In the HR space, a good example for this is predicting turnover.  Utilizing your structured data, survey comments, performance reviews, peer feedback, etc all together will almost certainly provide a superior result than each by itself.  Leveraging a tree-based model to find some of these complex interactions will be something regression cannot solve for without a signficant amount of additional time and complexity in the modeling process.

## Topic Model Example
There are a handful of different approaches to topic modeling.  In this example we'll use LSA or Latent Sematic Analysis.  It is using SVD, or Singular Value Decomposition, however since we used TFIDF to vectorize our data, its considered LSA. Know that this is using linear algebra on the backend, but the actual math behind this is beyond the scope of this chapter.  Once you've done all the work to get your text vectorized, you'll find that topic modeling is quite easy!  Topic modeling definitely fits into the classic analysis stereotype of most time is spent prepping the data rather than with the actual analysis.

In [8]:
from sklearn.decomposition import TruncatedSVD

In [30]:
topic_model = TruncatedSVD(n_components = 5)
topic_model_df = topic_model.fit_transform(df_vect)

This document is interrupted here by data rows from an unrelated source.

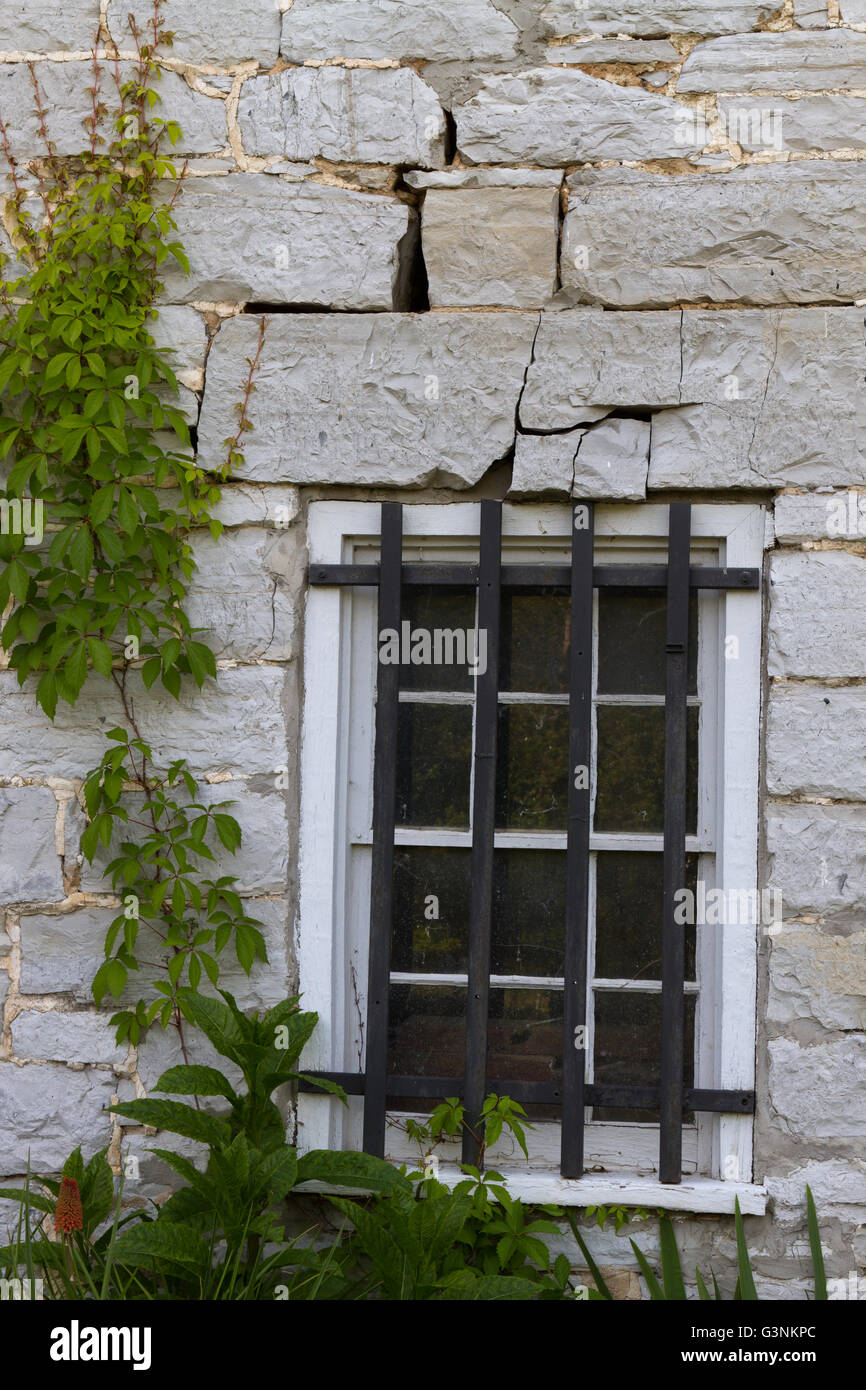 Window in old stone building with climbing plants Stock Photo - Alamy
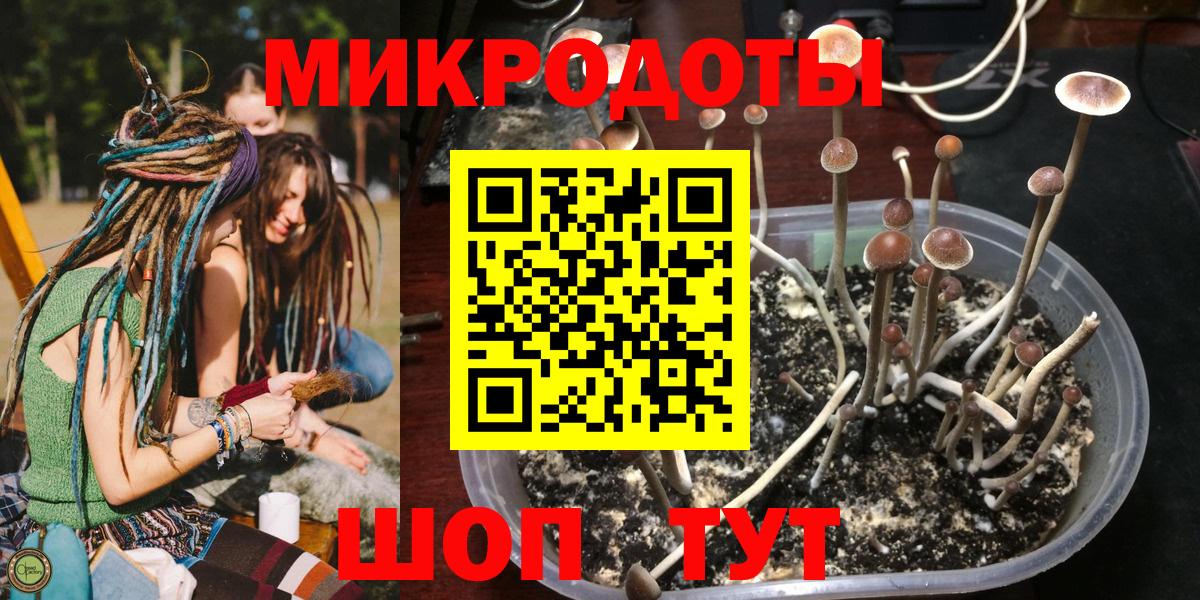 Псилоцибиновые грибы Psilocybine cubensis Мирный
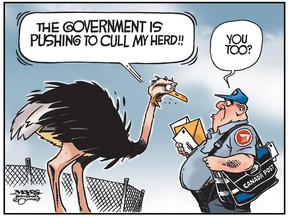 Edmonton Journal editorial cartoons for October 2025 Edmonton Journal Edmonton Journal editorial cartoons for October 2025 Edmonton Journal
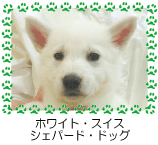 �ۥ磻�ȡ��������������ѡ��ɡ��ɥå�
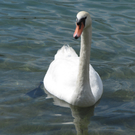 Schw__ne3_JPG-1282981462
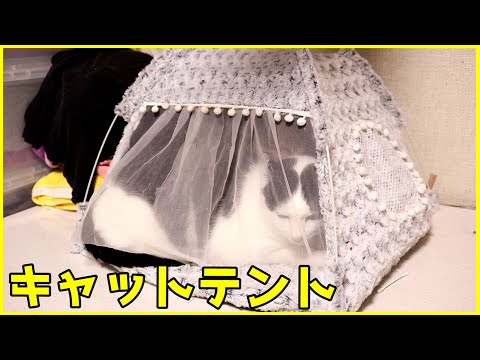 猫たちに大人気のキャットテント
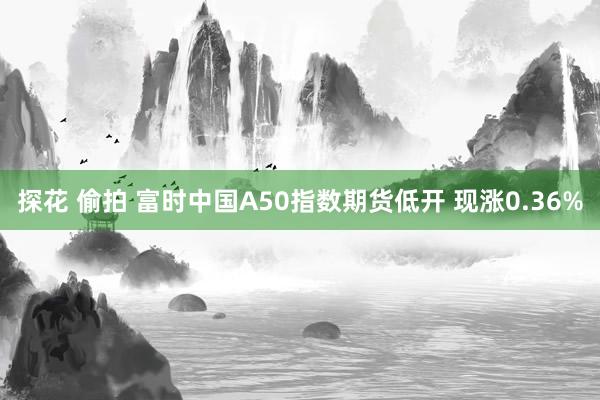 探花 偷拍 富时中国A50指数期货低开 现涨0.36%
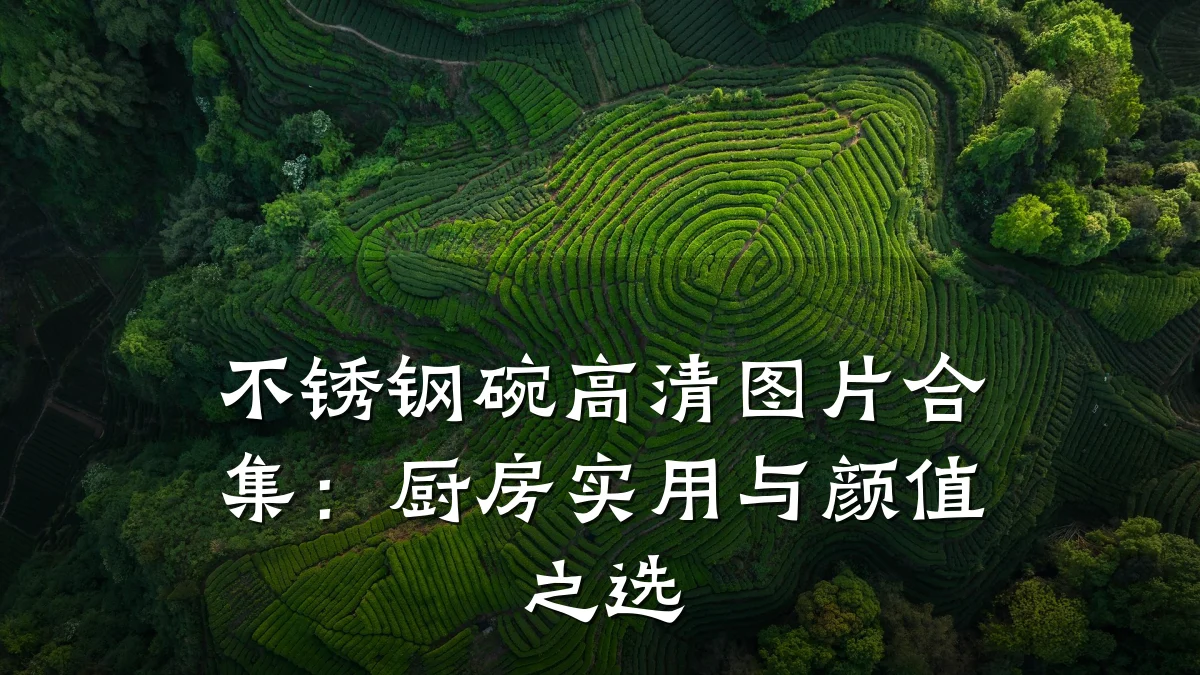 不锈钢碗高清图片合集:厨房实用与颜值之选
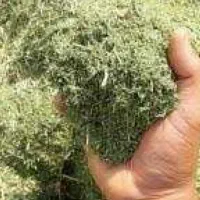 یونجه درجه 1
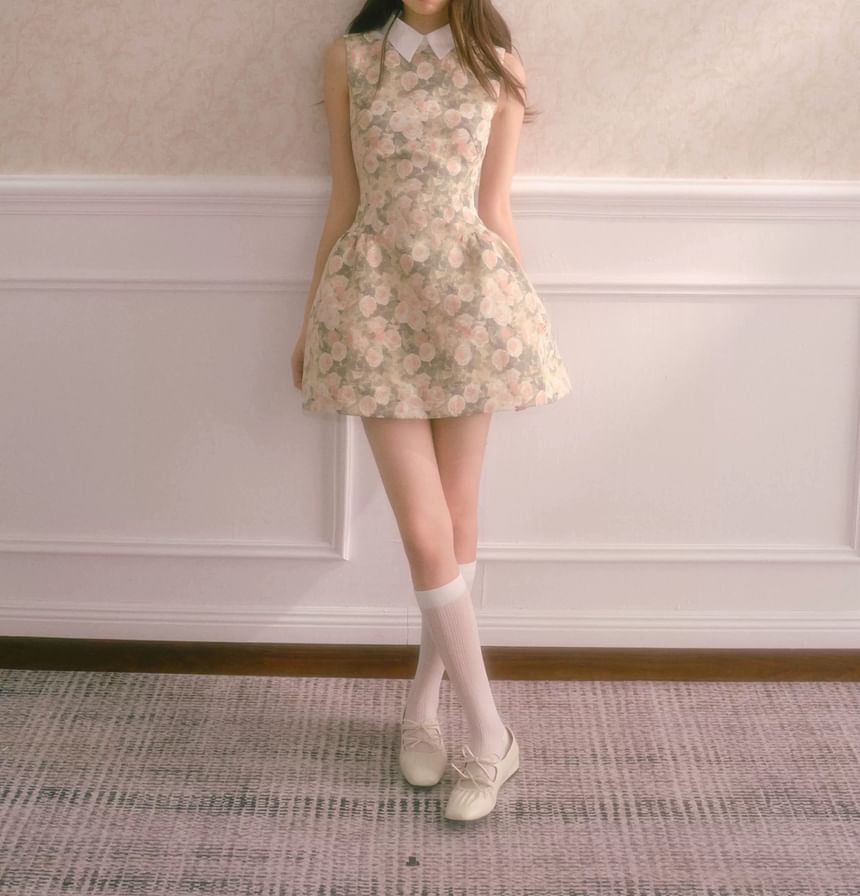 Sleeveless Collar Floral A-Line Dress
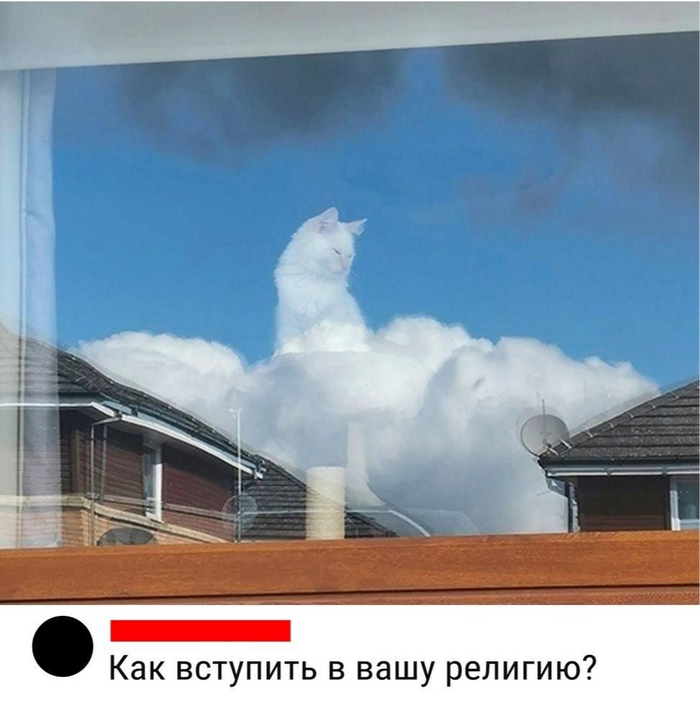 <!--noindex--><a href="https://pikabu.ru/story/pervaya_igrovaya_blagotvoritelnaya_gildiya_v_pomoshch_bezdomnyim_kotikam_i_ne_tolko___10784538?u=https%3A%2F%2Fdiscord.gg%2F5ERnnyj52w&t=https%3A%2F%2Fdiscord.gg%2F5ERnnyj52w&h=1981d5d2bcd42f2b1bfaf77d3d6d06d49e19743c" title="https://discord.gg/5ERnnyj52w" target="_blank" rel="nofollow noopener">https://discord.gg/5ERnnyj52w</a><!--/noindex-->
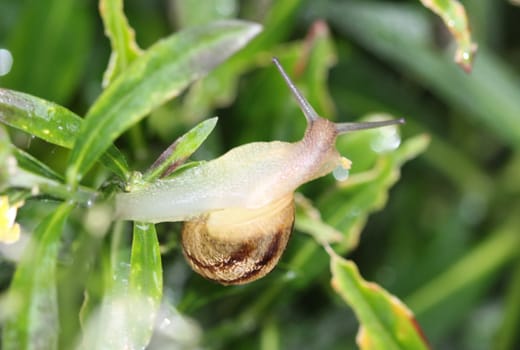 close up of grove snail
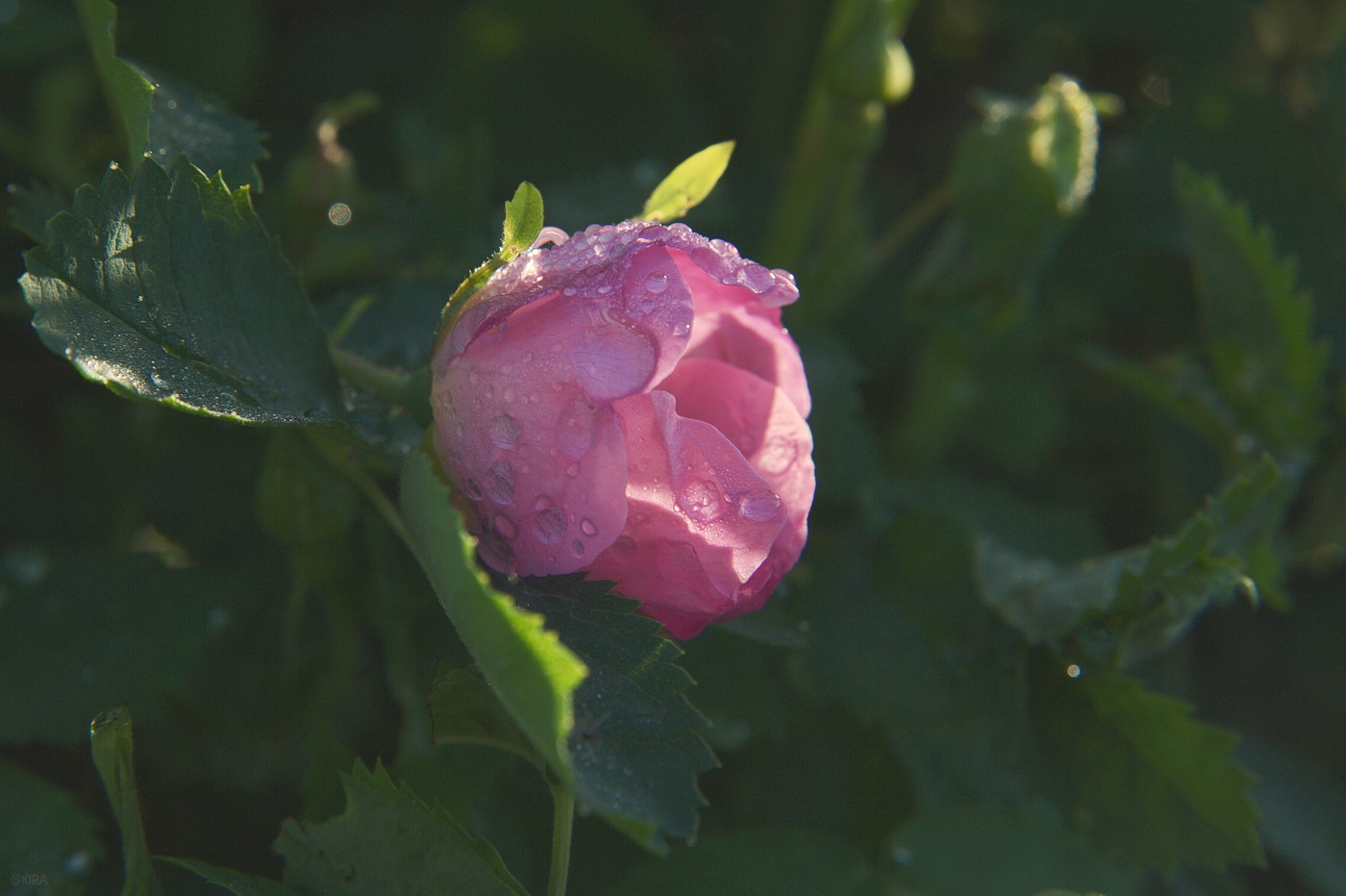 пробуждение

Building the topic model is as easy as that!  I've found it valuable to play with how many topics are created.  Make sure to use your use case as context to help inform that.  If you're trying to identify themes from an onboarding survey, its not likely that 25 themes will be helpful!  If you're just using the topics to be fed into a model, the actual meaning of the topics aren't as important as the means to reduce the number of columns you're feeding into your model.

In [32]:
topic_model_df = pd.DataFrame(topic_model_df)
topic_model_df.head()

Unnamed: 0,0,1,2,3,4
0,0.256389,-0.06256,-0.026146,-0.016824,-0.025928
1,0.385037,-0.086439,0.000473,-0.014787,-0.040057
2,0.149374,-0.037078,0.036085,-0.002194,0.029768
3,0.440844,-0.097447,-0.049344,-0.00359,-0.050383
4,0.294612,-0.063121,0.042366,-0.006927,0.018472


Each number represents a probability that text relates to the comments.  There are two important things to note.

1. If using the numbers, take the absolute value.  A negative number doesn't mean less of a chance the text is related to a topic.

2. The numbers do not add up to 100.  This is because the process is accounting for some uncertainty.